Albert Hall Mansions Londen/London Richard Norman Shaw
Abstract
Albert Hall Mansions, directly adjacent to the Royal Albert Hall in the exclusive London neighbourhood Knightsbridge, consists of three blocks of luxury apartments. They were designed by architect Richard Norman Shaw (1831-1912), who received the commission in 1878, two years after he had been hired to draw new façades for a design by architects Driver and Rew. At the time when the Albert Hall Mansions were designed and built (1876-1886), the English saw apartment buildings as housing for the poor. But the high density of this type of housing was a reason for speculative builders in the luxury sector to seek solutions that might appeal to the wealthy. Investors in such new buildings faced immense risks. So it should not come as a surprise that the development of Albert Hall Mansions was blighted by indecision, delays and, ultimately, a phased completion. The block documented here constitutes the first phase (completed in 1881) and is a great deal more complex than the two later blocks.

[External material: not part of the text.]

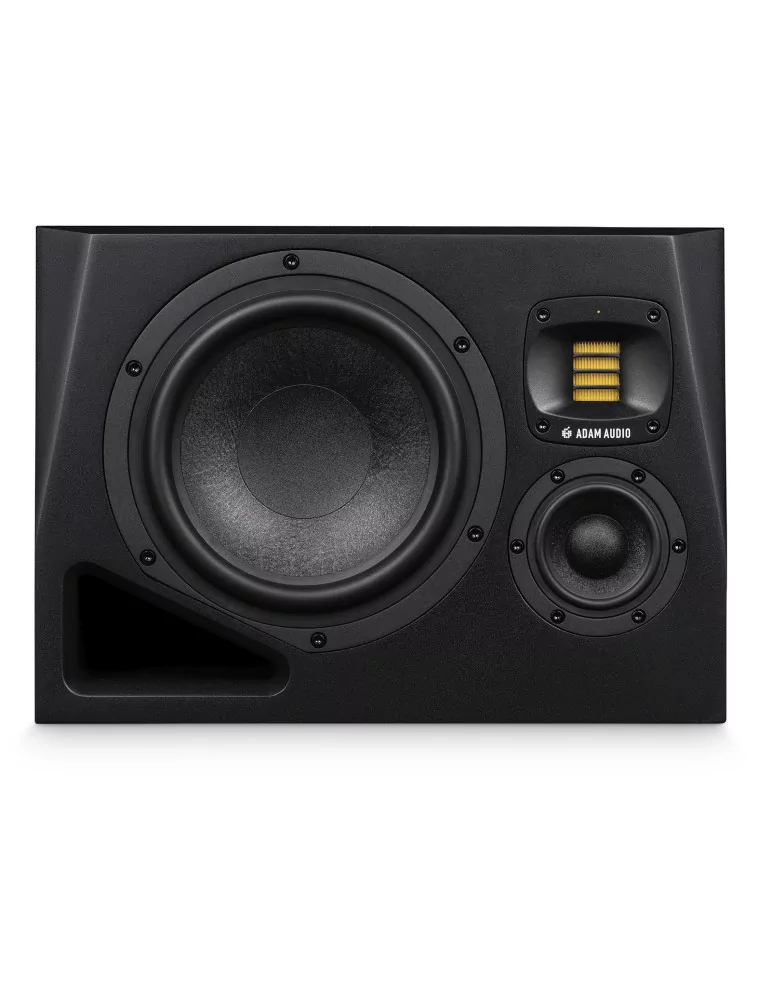 ADAM AUDIO A8H-A | MusicGoodDeal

The apartment building, approximately 70 m in length and 30 m in height, overlooks Kensington Gardens, the western part of Hyde Park. Shaw has tried to mitigate the building’s large scale through articulation. A two-storey base appears to support three large townhouses topped with neck gables. The upper floor features recessed balconies. The walls between these projecting ‘mansions’ are set back approximately 1.5 m and feature the dwellings’ outside spaces in the shape of loggias and balconies.
The three main entrances are not situated park-side, but at the rear. Each main entrance has two doors: one leads via a lobby and an inner courtyard to a central stairwell, the other opens directly on to a service staircase. The apartments are set around these stairwells in pairs. Each of the three central stairwells and service staircases leads to eight large apartments. Shaw provides daylight by placing each apartment adjacent to two light wells. The first illuminates the central stairwell and the service staircase, the other the (entrance) lobbies of the apartments themselves.